Como en un cuadro hiperrealista, el concepto surge de la realidad harta
Maradona ha sido elevado a los altares por un pueblo, como el argentino, donde las emociones están continuamente a flor de piel. También se elevó a los altares a Evita Perón y a Carlos Gardel.
Evita Perón pisó barro, como Maradona en sus inicios; Gardel, de origen oscuro, fue un niño que recorrió los conventillos o inquilinatos cercanos a la calle Corrientes, sin conocer la figura del padre; a Evita se le perdonó su biografía turbia, como también se ha hecho con Maradona. Evita decía luchar con y por los descamisados; Maradona convirtió la emoción del miembro más ruin de las barras argentinas en la misma que la del más potentado de la burguesía. Humilló a los ingleses en el campo de futbol cuando estos habían humillado antes en el campo de batalla a Argentina. Al fin y al cabo el fútbol es la guerra pero por otros medios.

Nadie recordará ahora al hombre que fue un mal ejemplo, que era acusado de violencia de género, que se arracimaba con dictadores y hacía trampa en el juego. Al mito, como los griegos a los dioses, se le perdona la peor de sus caras, al fin y al cabo es el simple protagonista de un relato: cualquier historia que sobre él se construye da igual que se crea o no verdadera, lo importante es que constituya el anhelo de la masa; el anhelo y el consuelo.

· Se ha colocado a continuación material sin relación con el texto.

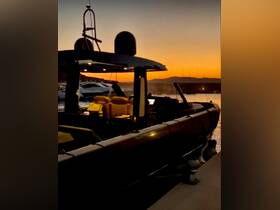 A sleek boat docked at sunset, showcasing its elegant design against a vibrant sky — perfect for evening cruises or relaxation on the water.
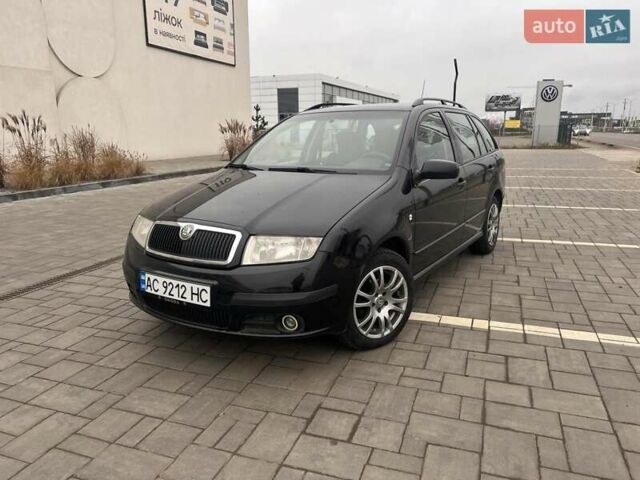 Черный Шкода Фабия, объемом двигателя 1.42 л и пробегом 262 тыс. км за 4200 $, фото 1 на Automoto.ua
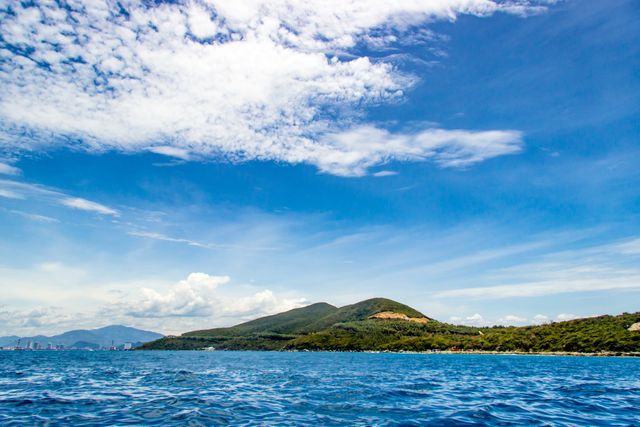 Scenic View of Pristine Island With Clear Blue Sky and Ocean - Download Free Stock Photos Pikwizard.com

Es el papel que juegan los mitos, en contraposición con el que desarrolla la razón
Las sociedades sacralizadas suelen mostrar tendencia a crear dioses y mitos con más asiduidad que las desacralizadas. Perecen tener presente de manera constante la prehistoria politeísta del género humano. Es el papel que juegan los mitos, en contraposición con el que desarrolla la razón. No es de extrañar que a muchos de los que hemos disfrutado de la pierna izquierda de Maradona nos haya producido vergüenza ajena contemplar las muestras de histeria colectiva en su funeral. Un par de chicos comentaban el mítico gol contra Inglaterra del Mundial de 1986. Lo hacían como si fueran el periodista que narró la jugada. Después se echaban a llorar. Ninguno de ellos, por su edad, puedo asistir a ese momento, a la emoción que produce —y que queda clavada en el subconsciente— la vivencia de un instante que a la postre será histórico. Pero ha calado en ellos el relato, la experiencia mítica que se eleva sobre el hecho en sí y convierte lo real en religión, la experiencia en misterio. Ya no importa el conocimiento ni la razón, sino la vivencia interior. El ser arcaico elevaba altares sobre lo desconocido, que temía, en una suerte de exorcismo. El ser moderno —algunos seres que habitan el presente— lo hace sobre algo que afirma conocer, que se proyecta en su interior y que le permite, siquiera por unos momentos, elevarse de la miseria humana y mirar cara a cara a lo que cree un Dios, y que solo es una creación —relato— del propio hombre.